User Communities

Attitudes Towards Pervasive Data Research

Lead: Jessica Vitak & Matthew Bietz with Casey Fiesler & Michael Zimmer

A series of studies will investigate how those who create pervasive data—users of social media, fitness trackers, etc.—feel about their data being used in research. For example, in preliminary work in this area, PI Fiesler conducted a survey of Twitter users about their level of comfort with certain uses of their tweets in research. Findings for this work revealed that participants are largely unaware that researchers are permitted to use public data, and that their attitudes about the practice are highly context-dependent. Findings also pointed to the potential for systems design, such as a tool for keeping track of users whose data was collected and automatically sharing results at the conclusion of the work. Similarly, PI Bietz has conducted surveys, focus groups, and interviews to examine individuals’ attitudes toward the privacy of personal health data and the use of that data for health research.

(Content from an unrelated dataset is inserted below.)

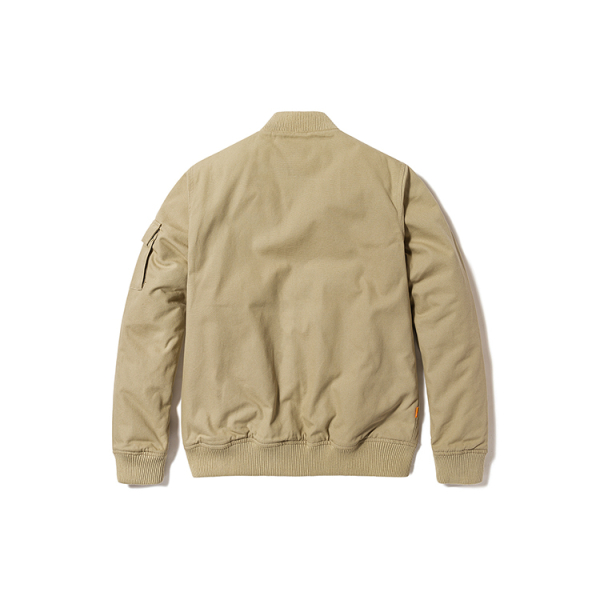Timberland Logo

This work reveals that people’s feelings about pervasive data research are contingent on the kind of research being done and whether it is being done for commercial purposes or for the public good. To move work on this topic forward, we plan to analyze the interviews with user communities and the representative survey of social media users to examine whether there are differences based on the type of community that is being studied: Is pervasive data research more acceptable to users on some platforms than on others? Could this be dependent on, for example, the size of the community or the subject matter of the data? Additionally, we will build a rich dataset focused on the reaction of social media users to the idea of researchers using their data. We will adapt the method, which uses a quasi-experimental qualitative approach, to understand the public’s concerns when presented with hypothetical research situations. This method will allow us to better understand how the contingencies identified in prior work affect attitudes toward pervasive data research. Altogether, an understanding of how pervasive data research is perceived and could impact the people creating this data is critical to designing the best ethical practices.

Representation of and Reactions to Pervasive Data Research in the Media

Lead: Casey Fiesler with Michael Zimmer

In recent years, the ethics of social computing research has become an increasingly mainstream topic. Controversies such as the Facebook emotional contagion study and the OKCupid public dataset have been covered extensively in the news. Public reaction to these studies has provided a great deal of anecdotal evidence about how the general public feels about this type of research, and also fueled more conversation about ethics within our research community. After assembling a large dataset of news articles related to social computing research as well as the comments on these articles, PIs will conduct a content analysis focused on revealing attitudes and perceptions across media types. A better understanding of how this research is both presented and perceived is critical to thinking through best practices both for research and how we present this research to the world.

Methods and Tools Towards Personalized Privacy and Data Ethics

Lead: Arvind Narayanan with Katie Shilton & Casey Fiesler

Appropriate use of data is notoriously hard to define and even harder to operationalize. Participants have different views on questions such as: Which data attributes or inferences are sensitive? How should notice and consent be implemented and what are the limits? For example, is it acceptable to continue to use data after it has been withdrawn from the public sphere (e.g., deleted Tweets)? Are some uses of data problematic by themselves or only if they can lead to concrete harms? We are developing a modeling language for expressing privacy characterizations elicited via surveys of users, extending work that specifies laws and contextual integrity norms in a formal language. We are also building software that helps researchers incorporate and respect participant-specific data-use restrictions during data analysis. For example, we are developing a method and tool to simulate how social science research conclusions would be affected if a small fraction of users/participants were to withdraw data from the public sphere; a tool that uses natural-language processing techniques to semi-automatically scrub or modify sensitive information from free-form textual data, according to a privacy specification; and a method to automatically infer “context” and “roles”—key elements of contextual integrity—so that data analysis may respect the norms of the implied context.